What is health insurance and why do you need it?

Shorter waiting times, faster diagnosis, better facilities

Rachel Hosie
Tuesday 23 May 2017 11:35 BST

Insuring your home or car is a no-brainer, but some people aren’t sure why health insurance can be a good idea.

Why get health insurance?

Health insurance, also known as private medical insurance, is designed to ensure that if you need medical treatment in future, you won’t need to worry about NHS waiting lists or paying for the cost of the treatment.

If you’re treated privately, health insurance will pay all or some of your bills.

It should get you diagnosed and treated quickly, as well as offer you a prompt referral to a consultant and admission to a private hospital at a time and place that is convenient for you.

With health insurance, you’ll have a choice of private hospital from an agreed list provided by your insurer - most hospitals offer a private en-suite room, TV and a choice of food, which you wouldn’t necessarily get as a normal patient.

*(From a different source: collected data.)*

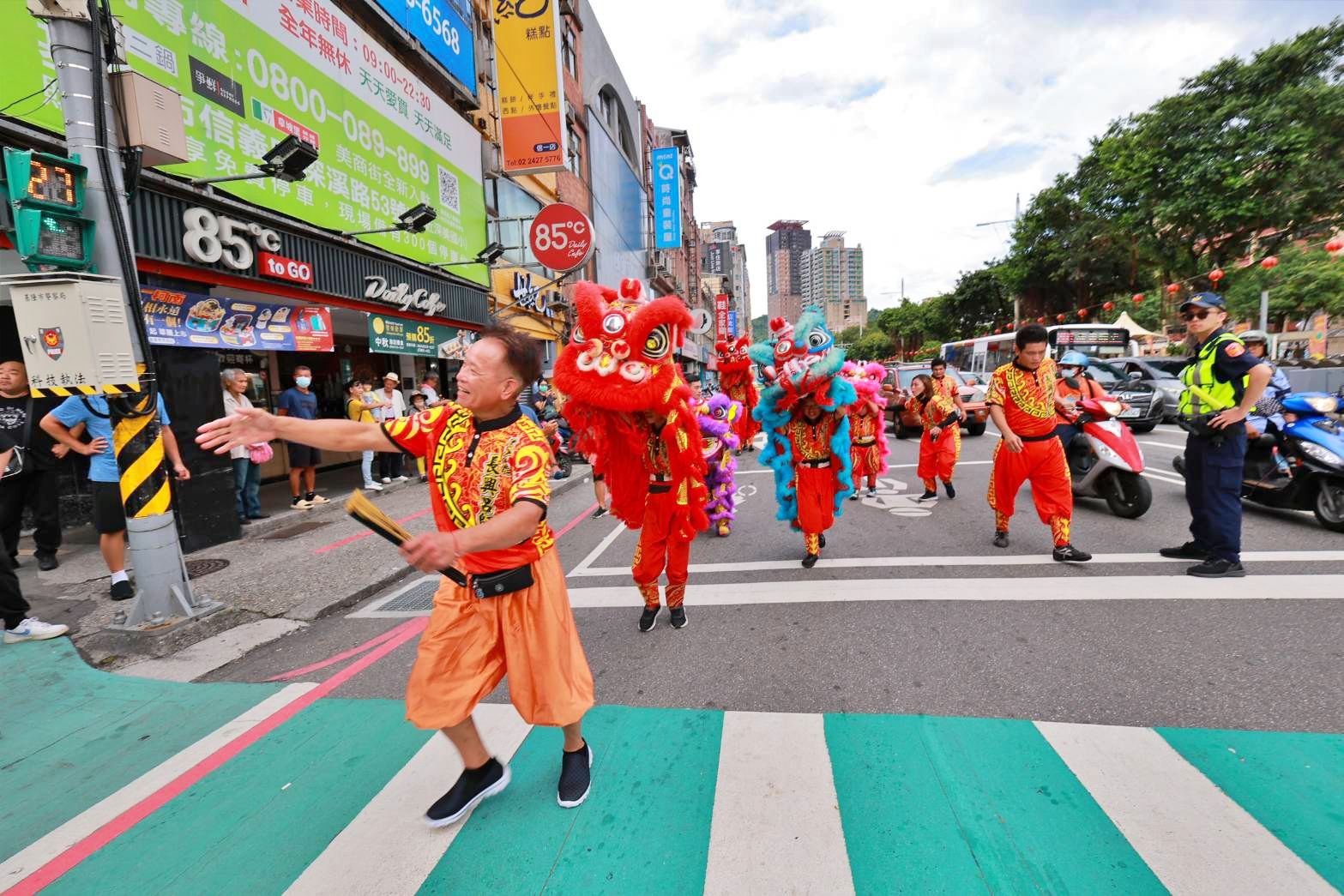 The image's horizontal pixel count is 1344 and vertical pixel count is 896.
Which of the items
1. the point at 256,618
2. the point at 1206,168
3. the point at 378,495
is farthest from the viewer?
the point at 1206,168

In short, the main benefits of private health insurance are:

  1. Shorter waiting times for treatment on the NHS
  2. Better facilities
  3. Faster diagnosis
  4. Choose from a range of private facilities
  5. Choose a convenient time for appointments and treatments

What it does - and doesn’t - cover

Health insurance covers an array of things, including exclusive drugs, hospital stays, scans and surgical procedures.

Inpatient treatment is when you require a hospital bed, and is covered with most plans.

Outpatient treatment means you visiting external specialists or consultants, and is usually available on more expensive policies. Different plans will offer different options.

Not usually covered, however, are any existing, chronic problems, A&E visits, drug abuse, organ transplants, normal pregnancy and non-essential cosmetic treatments.

What are the different types of health insurance?

When considering private medical insurance, there are typically two types of cover: moratorium underwriting and full medical underwriting.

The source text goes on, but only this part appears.